1. Meaningful Difference. Kantar’s singular BrandZ database of 20,000+ brands across 50+ countries is based on research tracking brand equity since 2006. It’s a leading resource for studying how brand value is built.

The clear, evidence-based answer is that meaningful difference builds value, with difference being the change-maker. Which raises the follow-up question of what meaning and difference really are. It’s a relative answer for both. Difference comes from many things, but for a given brand, it is found relative to the category or competitive set. Hence, brand owners must be deeply knowledgeable about the specific situations in which their customers live and their brands compete—and then stand out in that relative context. This is why expanding the category is a proven growth strategy—more needs, brands and spending equal more opportunities to be relatively better.

2. Different Difference. Not all difference is the same. Or equal. There are types of difference. To begin with, brands are often different without being meaningful or relevant to needs. But even meaningful difference can vary. Brands that stand out as different and innovative grow more than brands that are merely different. So, difference with a twist of innovation means more value. Line extensions that are not only different but also a good fit with the core brand build greater awareness, and thus value. Difference of some sort is just the starting point. Delivering other functional or emotive performance, both tangible and intangible, makes difference work even better to create brand value.
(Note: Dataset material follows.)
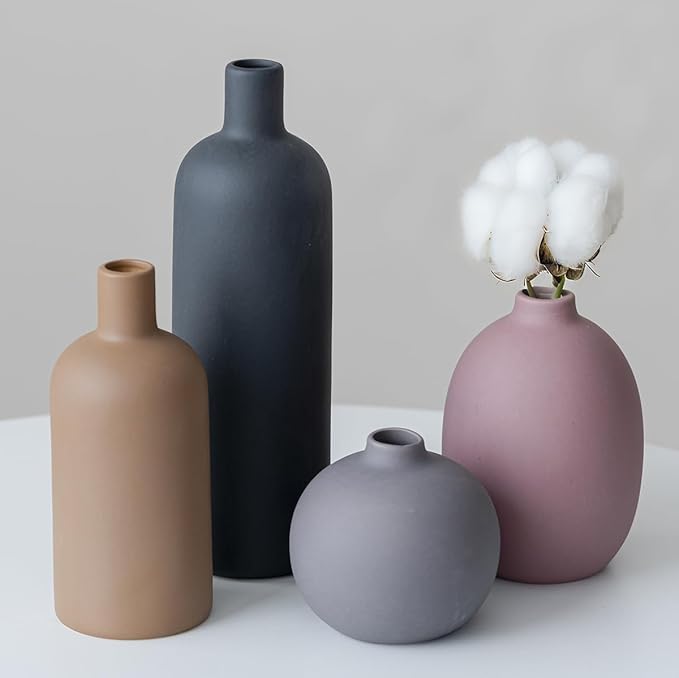 Modern Ceramic Vase Set, Neutral Colors, Decorative Vases for Home Shelf Decor, 4 Piece Collection (Black Mix Set 4)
3. Similar Difference. The analysis of line extensions reveals another aspect of brand difference. Line extensions must be different but not so different that they are a poor fit with the core brand. In other words, different from competition but the same as the core brand. This is obvious simply from the fact that line extensions intentionally leverage the platform of the core brand. It jumpstarts awareness. It borrows trust. It provides permission and reduces risk. So, a connection to the core brand is an essential part of the strategy for a line extension. Similarity must be part of the value proposition. At the same time, a line extension must deliver something different—something the core brand does not do and something relatively better than competition. Net net, there are situations in which difference must be combined with similarity in order for difference to build value.

4. Enduring Difference. Brands can never take difference for granted. It is always relative, so any shift of preferences or performance will change the relative standing of brands in a category. Unless a brand is always upgrading its value proposition, it will eventually find itself turned upside down by fast-moving trends and competition. The only way to have enduring strength is to be constantly improving. Stasis means an erosion of difference. Yet again, a paradox is surfaced. Brands must have an enduring identity that consumers feel they know and can count on. But that identity cannot be so fusty that it becomes stale and outdated. The core of a brand endures only if it embraces change. Every brand follows new trends and copies the best practices and new ideas of competition. Inevitably, what once was different becomes alike. Difference endures and continues to build value only if it is freshened with regularity.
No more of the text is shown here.